If you look into the brand performance, you can see MAN's dynamic decelerated the most in Q3, with unit sales down by 2%. The decline of truck unit sales would have amounted to minus 10% in Q3 if you would leave out the TGE, which is quite increased, the number of sales. However, Scania saw still a fairly good development in Q3 '19, with unit sales up 6% and for the Caminhões e Ônibus sales with positive momentum, up 11% in Q3.

TRATON GROUP sales revenue increased by 5% in Q3 and by more than 7% on a like-for-like basis. Sales revenues in Q3 ahead of unit sales by about 400 basis points, basically based on better product pricing and mix.

The operating profit increased by 34% and amounted to nearly EUR 1.5 billion in the 9 months of '19. Here, we have taken into account that in '19 we had some minor effects and 9 months '18 were impacted by the market exit of India, like Andreas has said before. So adjusted for this, increase would have been amounted to 20.2%.

9 months managing operating profit benefited from improved gross margin, 20.2% versus 19.6%. Distribution costs grew slower than sales, and the admin expenses were stable year-over-year. The positive effect from R&D net to the P&L amounted to EUR 45 million after the 9 months of '19.

The return on sales improved to 7.5%. Please keep in mind that previous year '18, Q3 was impacted by the market exit of India, which was EUR 150 million, which you can also see in the prospectus that we have given for the IPO.

Profit after tax after the 9 months grew by 19%. Please bear in mind that -- the 9 months '18 for EUR 111 million contribution from discontinued operations. Basically, that is the PE, the Power Engineering profit share. And before this effect, the net income rose 29% after the 9 months in 2019.

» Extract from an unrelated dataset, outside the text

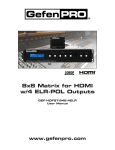 Gefen GEF-HDFST-848-4ELR video switch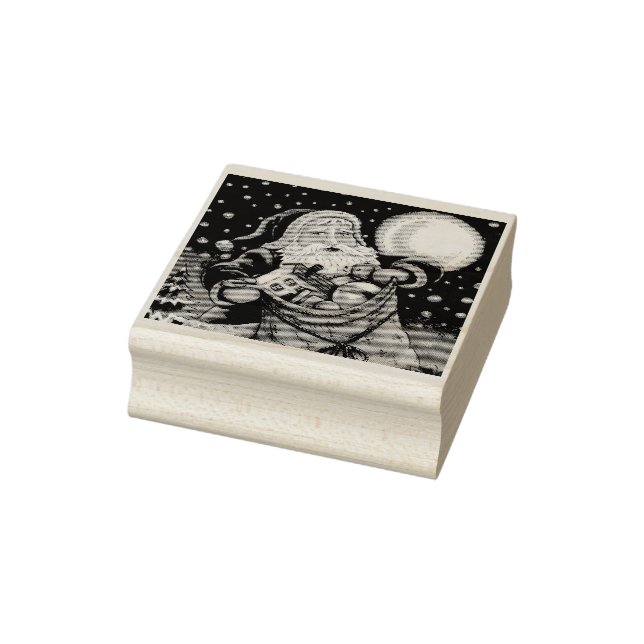 TOYS ON THE ROOF TOP, SANTA RUBBER STAMP (Stamp)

Net cash flow in the Industrial Business after 9 months totaled EUR 2.323 billion. However, you know this contains the proceeds from the sale of the PE business in the amount of EUR 1.978 billion. Adjusted for that, net cash flow was plus EUR 345 million after 9 months.

Other highlights in the first 9 months of the year: Innovation Day in Södertälje, where we have given, let's say, some signs of our capabilities on technical going forward. And we established last week now the procurement joint venture with Hino, which is now operationally [immediately].

If we turn page -- to Page #5, you can have a look at Industrial Business. As anticipated, the order intake continued to soften and declined minus 7% in Q3, bring it down to 6% after the first 9 months. Order intake for truck went down by minus 8% at an accelerating trend, while order intake for buses declined by minus 10%, with a slightly recovering trend during '19.

The order intake for truck business, there was a considerable decrease in Europe driven in particularly in significant declines in Germany and in the U.K., which were only partially offset by other markets. Demand grew in Brazil in the wake of the economic recovery, resulting in a substantial increase in order intake in Brazil. We also saw substantial declines in our markets in Russia, India and in Turkey. We're going to come back to that later when we discuss Scania MAN a little bit more in detail.

Order intake for buses was slightly lower in Europe than the previous year. Substantial growth in Brazil, overall decline in order intake for buses also reinforced by Mexican and especially the Middle East markets that are basically down at the moment. As already mentioned, we had at the same time strong unit sales, and we have put the book-to-bill development in this context. So if you look into book-to-bill, you can see that after 9 months, we're still at 0.95, backed by the good development in buses and the demand of the MAN TGE. Of course, talk about that in a second. If you take the TGE out on the MAN side, you see some more serious decline on trucks.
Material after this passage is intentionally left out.